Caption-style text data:
------------------------------------

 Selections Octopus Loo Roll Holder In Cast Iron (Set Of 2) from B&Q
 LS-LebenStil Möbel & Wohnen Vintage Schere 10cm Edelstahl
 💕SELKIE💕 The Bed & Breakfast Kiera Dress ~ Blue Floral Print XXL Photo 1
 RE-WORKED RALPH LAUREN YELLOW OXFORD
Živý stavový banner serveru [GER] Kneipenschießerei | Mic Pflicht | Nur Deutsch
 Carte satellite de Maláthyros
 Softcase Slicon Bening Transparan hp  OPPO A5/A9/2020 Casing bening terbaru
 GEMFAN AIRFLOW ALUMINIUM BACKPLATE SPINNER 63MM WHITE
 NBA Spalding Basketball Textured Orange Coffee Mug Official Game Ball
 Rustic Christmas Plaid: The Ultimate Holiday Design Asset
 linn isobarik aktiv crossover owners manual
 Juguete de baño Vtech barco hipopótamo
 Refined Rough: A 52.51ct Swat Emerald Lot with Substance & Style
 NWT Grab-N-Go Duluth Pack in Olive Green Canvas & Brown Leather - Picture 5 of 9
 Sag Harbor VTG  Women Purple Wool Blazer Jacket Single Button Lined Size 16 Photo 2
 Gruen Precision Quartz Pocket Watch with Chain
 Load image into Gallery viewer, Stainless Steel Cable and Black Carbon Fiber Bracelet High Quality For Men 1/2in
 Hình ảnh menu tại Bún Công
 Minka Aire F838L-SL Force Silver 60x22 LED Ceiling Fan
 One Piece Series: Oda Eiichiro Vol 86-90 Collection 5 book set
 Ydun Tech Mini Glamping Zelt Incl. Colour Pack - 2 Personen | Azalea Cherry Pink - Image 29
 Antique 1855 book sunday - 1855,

------------------------------------

-- Your objective --
Reply with the complete data above, every character as it stands.

-- Output below --
 Selections Octopus Loo Roll Holder In Cast Iron (Set Of 2) from B&Q
 LS-LebenStil Möbel & Wohnen Vintage Schere 10cm Edelstahl
 💕SELKIE💕 The Bed & Breakfast Kiera Dress ~ Blue Floral Print XXL Photo 1
 RE-WORKED RALPH LAUREN YELLOW OXFORD
Živý stavový banner serveru [GER] Kneipenschießerei | Mic Pflicht | Nur Deutsch
 Carte satellite de Maláthyros
 Softcase Slicon Bening Transparan hp  OPPO A5/A9/2020 Casing bening terbaru
 GEMFAN AIRFLOW ALUMINIUM BACKPLATE SPINNER 63MM WHITE
 NBA Spalding Basketball Textured Orange Coffee Mug Official Game Ball
 Rustic Christmas Plaid: The Ultimate Holiday Design Asset
 linn isobarik aktiv crossover owners manual
 Juguete de baño Vtech barco hipopótamo
 Refined Rough: A 52.51ct Swat Emerald Lot with Substance & Style
 NWT Grab-N-Go Duluth Pack in Olive Green Canvas & Brown Leather - Picture 5 of 9
 Sag Harbor VTG  Women Purple Wool Blazer Jacket Single Button Lined Size 16 Photo 2
 Gruen Precision Quartz Pocket Watch with Chain
 Load image into Gallery viewer, Stainless Steel Cable and Black Carbon Fiber Bracelet High Quality For Men 1/2in
 Hình ảnh menu tại Bún Công
 Minka Aire F838L-SL Force Silver 60x22 LED Ceiling Fan
 One Piece Series: Oda Eiichiro Vol 86-90 Collection 5 book set
 Ydun Tech Mini Glamping Zelt Incl. Colour Pack - 2 Personen | Azalea Cherry Pink - Image 29
 Antique 1855 book sunday - 1855,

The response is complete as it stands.